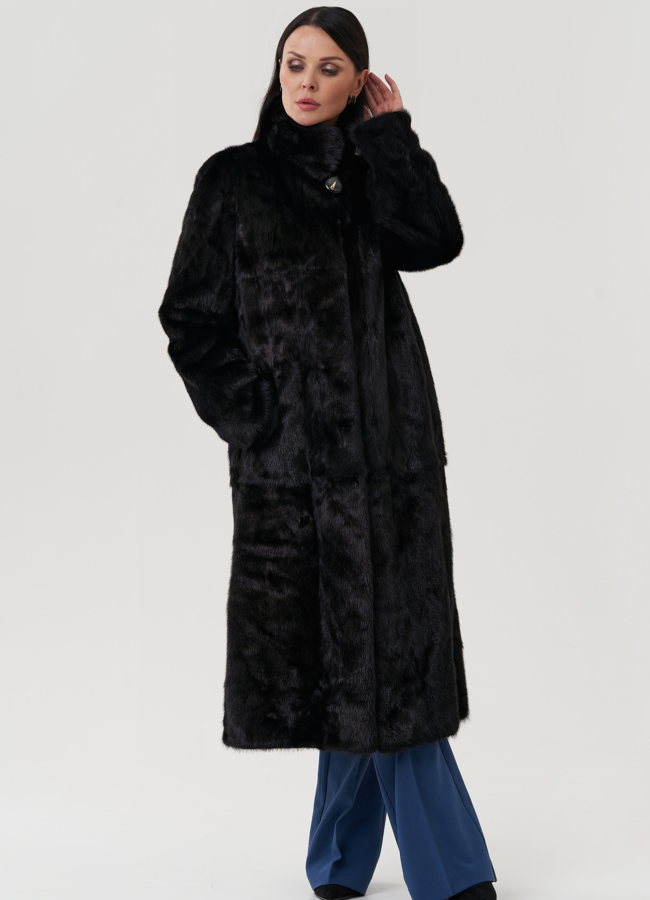 Шуба из меха норки черного цвета в роспуск модель № 25475 универмаг малина
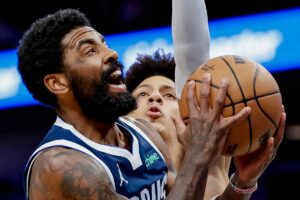 Kyrie Irving mentre salta per fare canestro
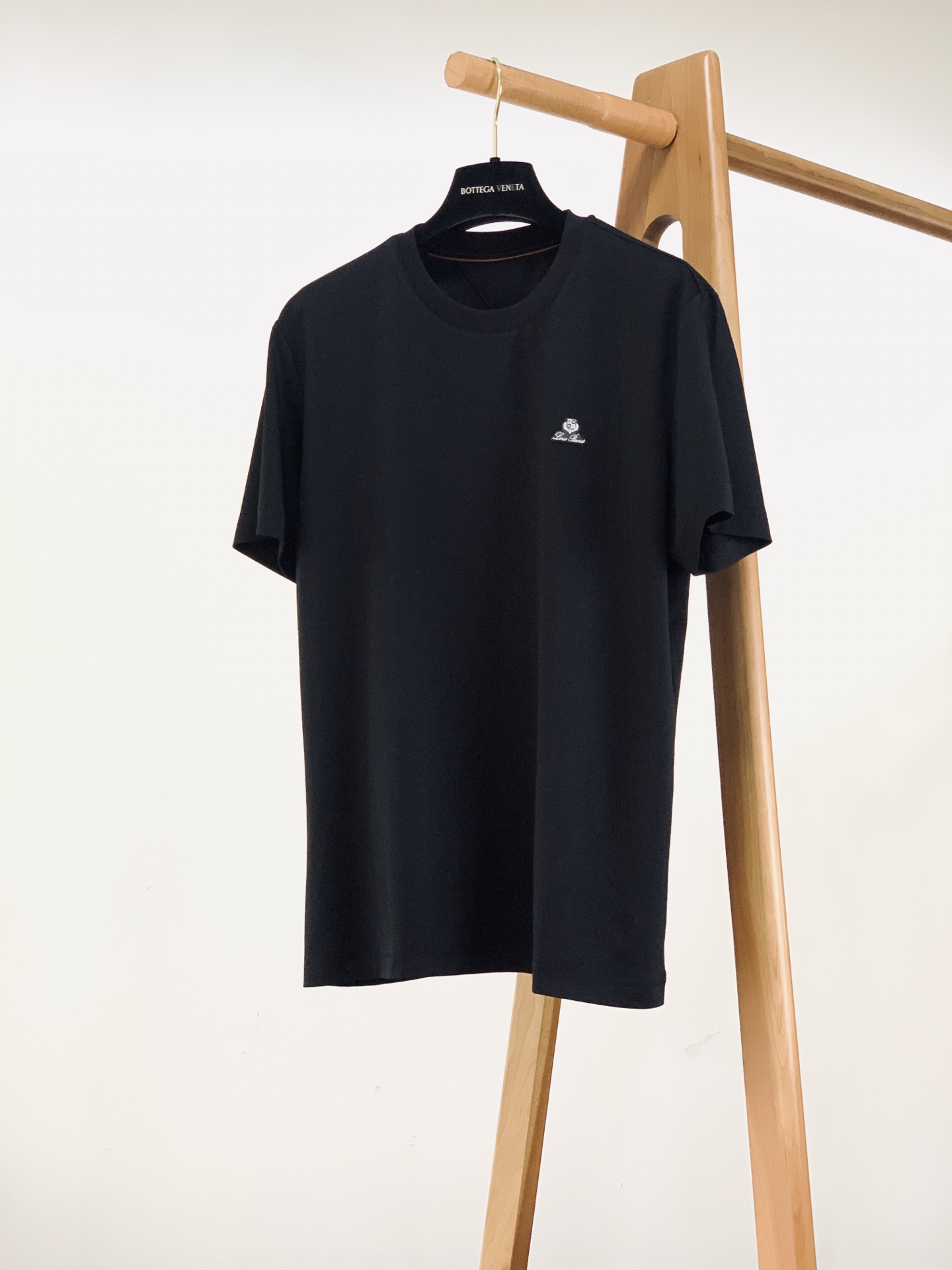 LoroPiana L.P SS早春新品徽章轻奢短袖T恤意式高端长绒棉，软糯垂顺，上身自带柔光质感左胸精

================================

Work to complete:
Your answer should copy the listing word for word, with no pictures in it.

Exercise output:
 Шуба из меха норки черного цвета в роспуск модель № 25475 универмаг малина
 Kyrie Irving mentre salta per fare canestro
 LoroPiana L.P SS早春新品徽章轻奢短袖T恤意式高端长绒棉，软糯垂顺，上身自带柔光质感左胸精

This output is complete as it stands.